"Additional controversies exist about whether biophysical attributes affect hair analysis. Studies have shown that concentrations of drugs in hair can be affected by variations in hair structure, growth rate, melanin content, hygiene, and cosmetic hair treatments, such as bleaching (Dasgupta, 2008). Although there have been a limited number of human clinical controlled studies, data show that higher concentrations of some drugs (e.g., codeine, cocaine, amphetamine) are found in dark hair compared with concentrations found in blond or red hair (SAMHSA, 2004). Cone and Joseph (1996) reviewed several articles and found that hair testing may be biased toward some hair types. Drugs of abuse bind more readily to Africoid and Mongoloid types of hair compared with Caucasoid hair. Cosmetic hair treatments also affect the binding of drugs to hair. For example, bleaching of the hair can reduce drug content, but it also can damage the hair to the extent that bleaching may increase binding of the drug to the hair (Skopp, Pötsch, & Moeller, 1997).
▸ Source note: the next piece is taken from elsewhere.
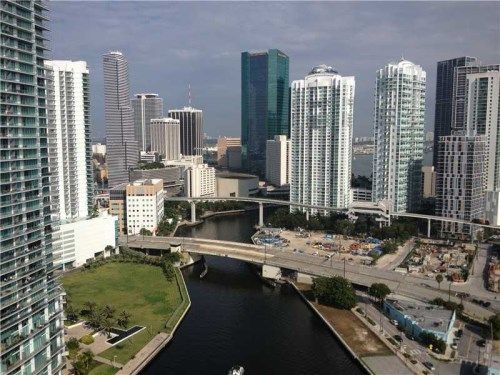 690 SW 1 CT # 2902, Miami, FL 33130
Some drugs (i.e., THC) do not differentially distribute into hair based on melanin content (Smeal, 2007). Therefore, hair testing may not be the most equitable drug testing matrix. Hair rinses, bleaches, and shampoos that claim to interfere with drug tests are advertised on the Internet and in magazines."


"Clinical Drug Testing in Primary Care," Technical Assistance Publication (TAP) 32, Substance Abuse and Mental Health Services Administration, Clinical Drug Testing in Primary Care (Rockville, MD: U.S. Departent of Health and Human Services, 2012), p. 22.